Megan’s Guest Review – Charlie St. Cloud

Our friend Megan reviews the latest Zac Efron flick:
Charlie St. Cloud (Zac Efron) is spending his last summer in Massachusetts before heading off to Stanford on a full sailing scholarship (really?), and vows to play catch with his little brother, Sam, every day before he leaves. Only, POW – they’re hit by a Mack Truck and Sam DIES. Zac dies too, but Ray Liotta uses his St. Jude medal to bring him back to life because he doesn’t believe in lost causes. Unless they’re Zac’s brother, Sam, in which case he totally believes in lost causes.
FIVE YEARS LATER.
Fade up on five years later and no one has aged at all. Zac has put his education on hold (totally never going to Stanford) in order to take a full time position as grounds-keeper of the local cemetery. SEXY! This job allows him plenty of time to converse with the ghosts that he’s been seeing ever since his accident. Including, of course, Sam, with whom he plays catch every night when the cannon fires (like we’ve reverted to 1867, and we don’t have clocks or watches or cell-phones with alarms).

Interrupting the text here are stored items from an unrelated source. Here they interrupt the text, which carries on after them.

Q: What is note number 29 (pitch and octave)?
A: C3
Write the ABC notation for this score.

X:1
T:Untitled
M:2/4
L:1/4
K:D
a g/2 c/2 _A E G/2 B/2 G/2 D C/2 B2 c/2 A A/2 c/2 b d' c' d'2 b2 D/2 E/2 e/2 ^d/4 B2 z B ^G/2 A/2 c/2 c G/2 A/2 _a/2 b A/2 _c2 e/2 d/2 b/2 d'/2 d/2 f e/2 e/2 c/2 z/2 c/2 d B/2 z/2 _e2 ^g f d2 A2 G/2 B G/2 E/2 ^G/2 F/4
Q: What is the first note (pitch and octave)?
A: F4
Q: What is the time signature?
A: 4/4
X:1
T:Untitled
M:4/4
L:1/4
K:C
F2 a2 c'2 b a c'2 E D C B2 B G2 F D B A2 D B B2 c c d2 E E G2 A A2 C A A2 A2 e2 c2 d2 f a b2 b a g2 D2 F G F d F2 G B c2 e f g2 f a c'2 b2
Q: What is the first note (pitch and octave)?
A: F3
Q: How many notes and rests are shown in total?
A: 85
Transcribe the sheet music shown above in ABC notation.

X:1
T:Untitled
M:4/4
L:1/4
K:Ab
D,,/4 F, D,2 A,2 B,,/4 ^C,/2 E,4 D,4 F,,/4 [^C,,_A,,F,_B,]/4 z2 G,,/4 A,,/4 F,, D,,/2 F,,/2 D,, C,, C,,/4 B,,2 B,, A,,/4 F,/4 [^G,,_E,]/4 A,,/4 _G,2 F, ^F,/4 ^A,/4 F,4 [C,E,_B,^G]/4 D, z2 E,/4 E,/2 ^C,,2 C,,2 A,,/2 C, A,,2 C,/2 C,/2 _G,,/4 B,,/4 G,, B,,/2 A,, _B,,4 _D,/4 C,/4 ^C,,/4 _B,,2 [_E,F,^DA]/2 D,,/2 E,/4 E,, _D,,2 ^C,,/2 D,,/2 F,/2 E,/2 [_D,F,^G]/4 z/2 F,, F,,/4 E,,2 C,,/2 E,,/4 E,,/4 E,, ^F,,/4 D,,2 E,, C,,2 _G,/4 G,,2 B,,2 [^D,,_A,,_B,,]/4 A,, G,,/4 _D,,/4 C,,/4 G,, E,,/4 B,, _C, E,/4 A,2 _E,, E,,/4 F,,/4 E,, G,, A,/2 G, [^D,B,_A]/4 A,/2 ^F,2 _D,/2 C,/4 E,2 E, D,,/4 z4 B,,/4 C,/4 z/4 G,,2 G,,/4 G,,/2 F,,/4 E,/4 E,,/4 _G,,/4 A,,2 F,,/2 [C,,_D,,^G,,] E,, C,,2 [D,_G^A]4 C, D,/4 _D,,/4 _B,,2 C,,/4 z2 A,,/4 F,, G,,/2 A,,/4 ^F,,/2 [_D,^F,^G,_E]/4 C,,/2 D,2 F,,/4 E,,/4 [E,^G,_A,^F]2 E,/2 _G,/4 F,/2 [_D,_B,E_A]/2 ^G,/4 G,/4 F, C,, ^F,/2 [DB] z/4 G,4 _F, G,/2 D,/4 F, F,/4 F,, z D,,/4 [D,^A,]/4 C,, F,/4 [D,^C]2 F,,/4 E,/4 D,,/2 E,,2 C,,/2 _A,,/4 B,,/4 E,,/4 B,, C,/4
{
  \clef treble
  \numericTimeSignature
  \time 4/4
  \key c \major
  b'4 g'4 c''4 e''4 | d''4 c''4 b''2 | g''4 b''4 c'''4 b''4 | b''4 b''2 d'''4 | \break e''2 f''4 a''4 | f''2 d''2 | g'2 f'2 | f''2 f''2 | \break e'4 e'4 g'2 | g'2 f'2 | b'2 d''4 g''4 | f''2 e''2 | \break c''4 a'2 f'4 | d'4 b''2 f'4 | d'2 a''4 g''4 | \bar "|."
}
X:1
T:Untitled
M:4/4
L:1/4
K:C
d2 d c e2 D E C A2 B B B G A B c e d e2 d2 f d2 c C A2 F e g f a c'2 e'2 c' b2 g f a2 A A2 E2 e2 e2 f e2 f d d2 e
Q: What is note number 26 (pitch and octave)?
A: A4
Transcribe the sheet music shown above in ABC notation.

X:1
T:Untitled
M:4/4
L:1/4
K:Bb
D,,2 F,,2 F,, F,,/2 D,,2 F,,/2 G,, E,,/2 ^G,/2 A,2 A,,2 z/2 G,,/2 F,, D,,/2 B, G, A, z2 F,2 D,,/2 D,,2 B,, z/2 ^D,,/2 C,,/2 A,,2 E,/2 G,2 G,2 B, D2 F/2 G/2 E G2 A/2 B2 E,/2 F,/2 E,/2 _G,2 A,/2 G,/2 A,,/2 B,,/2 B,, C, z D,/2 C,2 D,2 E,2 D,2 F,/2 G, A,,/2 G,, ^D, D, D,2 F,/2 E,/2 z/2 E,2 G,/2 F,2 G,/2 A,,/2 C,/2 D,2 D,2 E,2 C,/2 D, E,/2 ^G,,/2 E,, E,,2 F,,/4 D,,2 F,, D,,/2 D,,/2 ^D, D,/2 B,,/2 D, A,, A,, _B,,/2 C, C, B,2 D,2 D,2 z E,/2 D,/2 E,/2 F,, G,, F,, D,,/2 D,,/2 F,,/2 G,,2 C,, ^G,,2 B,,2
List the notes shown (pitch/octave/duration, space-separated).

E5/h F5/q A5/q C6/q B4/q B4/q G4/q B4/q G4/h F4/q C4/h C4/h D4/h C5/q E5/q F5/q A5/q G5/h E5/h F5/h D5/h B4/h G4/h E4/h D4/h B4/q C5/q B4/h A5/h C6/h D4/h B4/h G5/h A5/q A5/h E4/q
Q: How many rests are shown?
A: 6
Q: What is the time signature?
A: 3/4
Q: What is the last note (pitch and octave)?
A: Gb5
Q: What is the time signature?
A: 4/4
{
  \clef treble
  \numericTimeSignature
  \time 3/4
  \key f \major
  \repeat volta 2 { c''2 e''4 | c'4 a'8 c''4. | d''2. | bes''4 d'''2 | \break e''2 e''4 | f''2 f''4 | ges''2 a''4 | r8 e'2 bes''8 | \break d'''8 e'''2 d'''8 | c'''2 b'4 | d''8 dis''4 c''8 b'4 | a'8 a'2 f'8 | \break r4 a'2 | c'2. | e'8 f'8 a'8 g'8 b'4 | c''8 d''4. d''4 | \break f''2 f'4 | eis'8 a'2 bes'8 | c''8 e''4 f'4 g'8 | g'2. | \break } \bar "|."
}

Enter Tess, who ascended the sailing throne that Zac left behind when he became a Ghost Whisperer, and is planning a solo trip around the world. The best way to practice for such a voyage? Sail headlong into a hurricane by yourself, without telling anyone what you’re doing. The next morning she wakes up on her father’s grave with a nasty gash on her head. Zac takes her back to his place and cleans her up. Then they totally do it in the graveyard! It’s sort of sexy, but also not sexy because it’s entirely in silhouette and shot from the shoulders up. What is this, ABC Family? Show us some man-skin!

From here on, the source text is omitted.